(Source material Opens)

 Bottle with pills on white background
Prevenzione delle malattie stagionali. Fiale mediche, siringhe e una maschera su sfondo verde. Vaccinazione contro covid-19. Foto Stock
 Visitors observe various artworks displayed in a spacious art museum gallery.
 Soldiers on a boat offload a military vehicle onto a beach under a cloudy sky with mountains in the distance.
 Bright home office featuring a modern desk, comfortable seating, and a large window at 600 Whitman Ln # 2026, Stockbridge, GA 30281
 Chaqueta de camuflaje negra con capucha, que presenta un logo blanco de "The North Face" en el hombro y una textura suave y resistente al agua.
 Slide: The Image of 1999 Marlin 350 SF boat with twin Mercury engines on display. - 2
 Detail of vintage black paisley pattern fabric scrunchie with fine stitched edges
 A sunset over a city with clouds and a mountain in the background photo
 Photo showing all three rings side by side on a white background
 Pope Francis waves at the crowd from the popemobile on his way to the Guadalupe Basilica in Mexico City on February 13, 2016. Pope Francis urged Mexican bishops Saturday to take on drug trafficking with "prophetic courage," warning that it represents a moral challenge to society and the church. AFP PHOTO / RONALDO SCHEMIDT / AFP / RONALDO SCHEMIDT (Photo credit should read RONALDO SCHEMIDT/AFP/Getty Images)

(Source material Closes)
(Source material Opens)

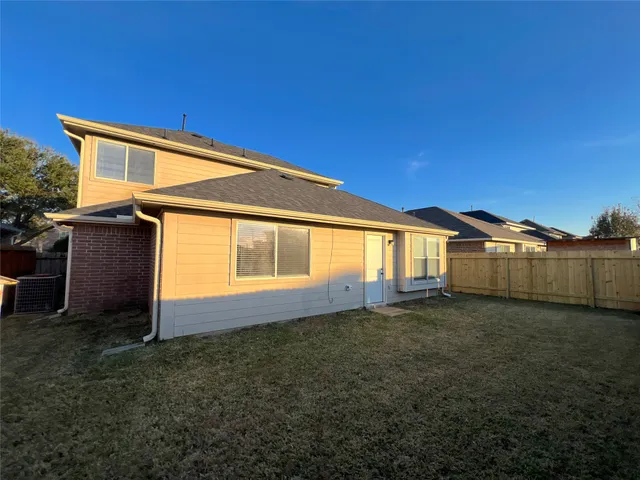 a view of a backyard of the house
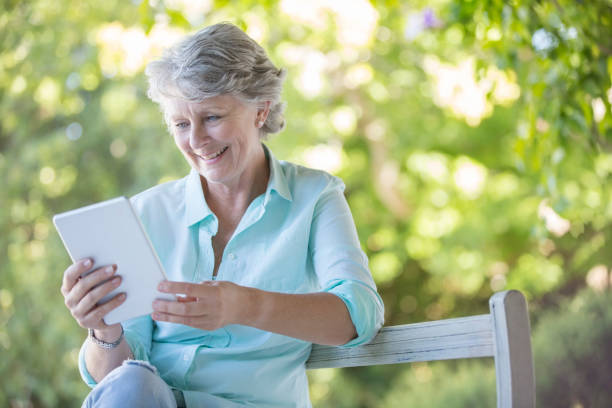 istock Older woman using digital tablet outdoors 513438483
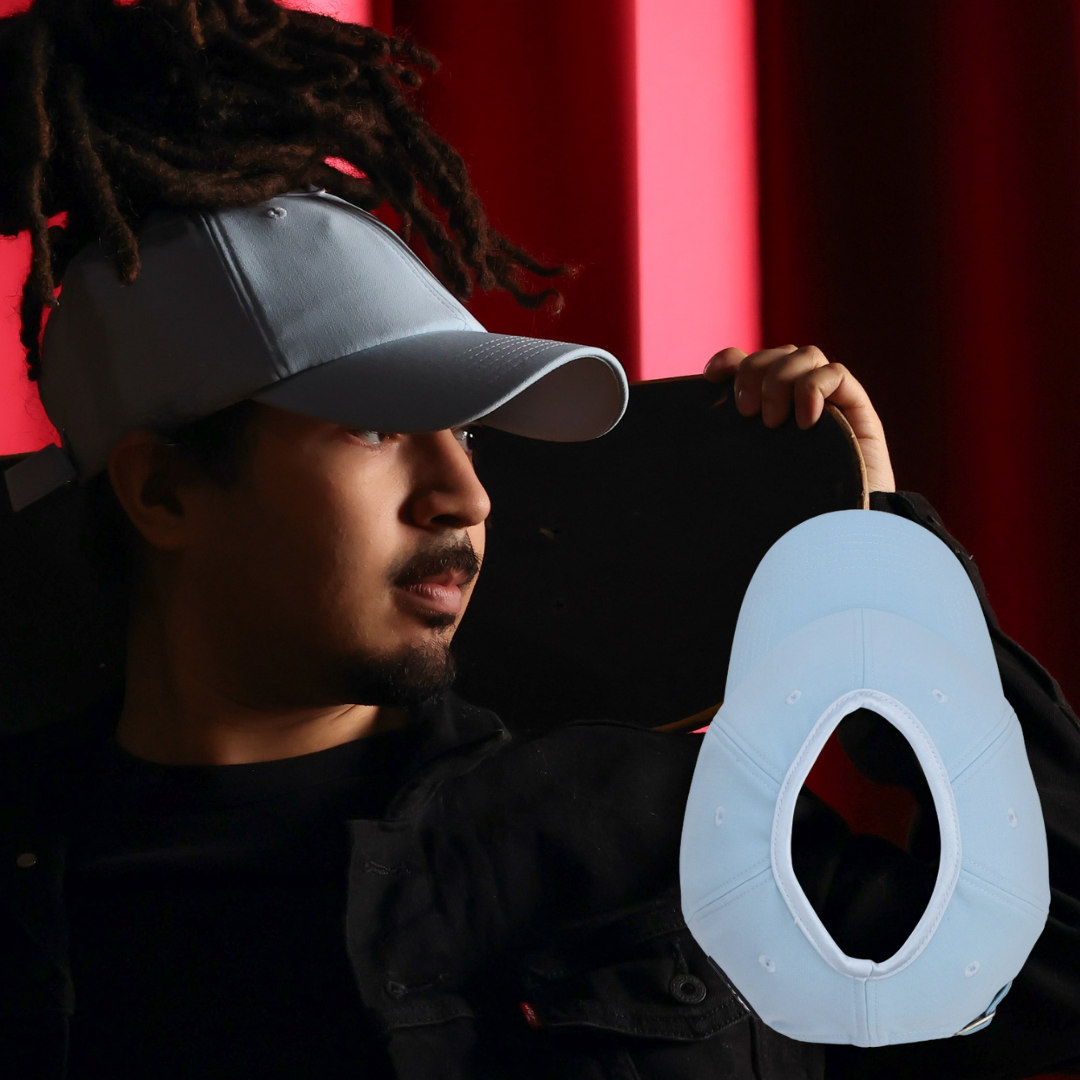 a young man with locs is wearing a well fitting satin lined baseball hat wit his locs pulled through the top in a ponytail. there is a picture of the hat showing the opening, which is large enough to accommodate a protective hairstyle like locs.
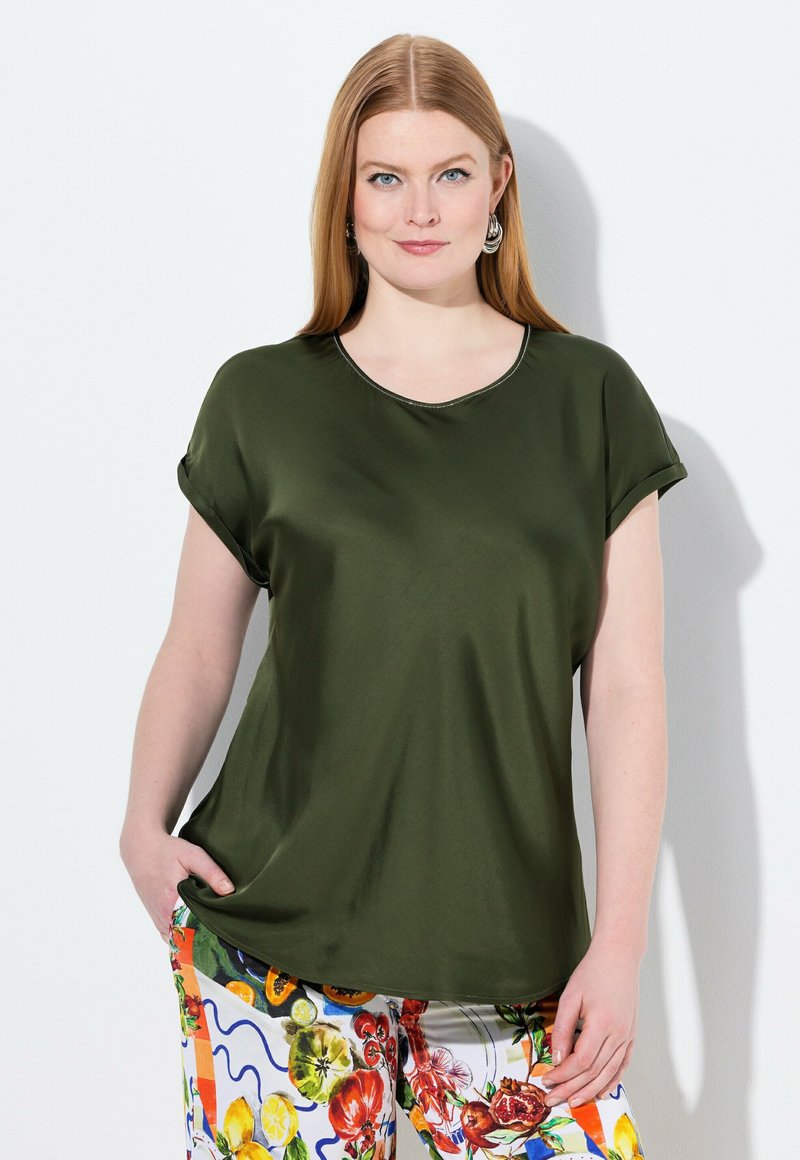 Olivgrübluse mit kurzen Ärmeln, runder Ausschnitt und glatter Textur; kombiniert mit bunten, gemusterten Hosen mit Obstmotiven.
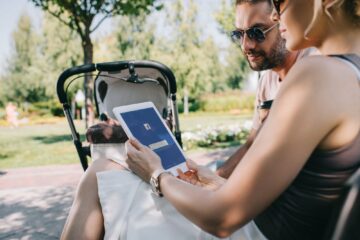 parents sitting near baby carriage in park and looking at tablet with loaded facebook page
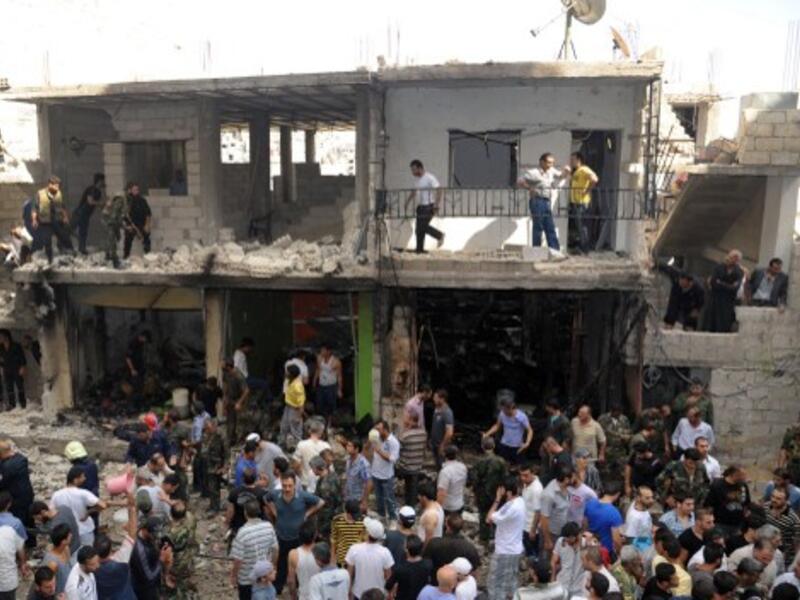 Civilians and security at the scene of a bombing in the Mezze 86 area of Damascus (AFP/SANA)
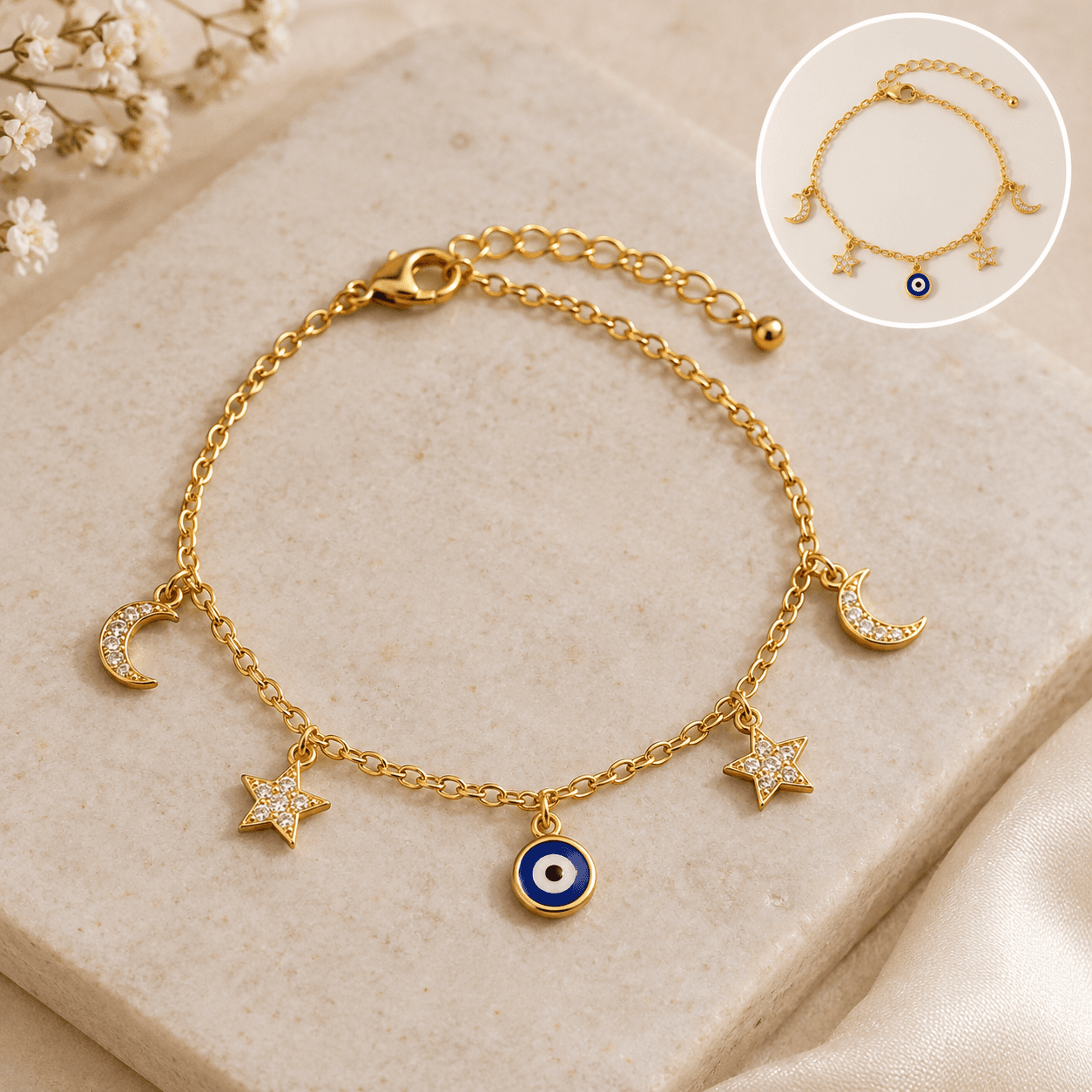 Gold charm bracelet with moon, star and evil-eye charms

(Source material Closes)

**What is needed**
Those lines of the records above that run from the one containing "istock Older woman" through the one containing "a young man" should be returned exactly, with no pictures among them.

**Reply**
 istock Older woman using digital tablet outdoors 513438483
 a young man with locs is wearing a well fitting satin lined baseball hat wit his locs pulled through the top in a ponytail. there is a picture of the hat showing the opening, which is large enough to accommodate a protective hairstyle like locs.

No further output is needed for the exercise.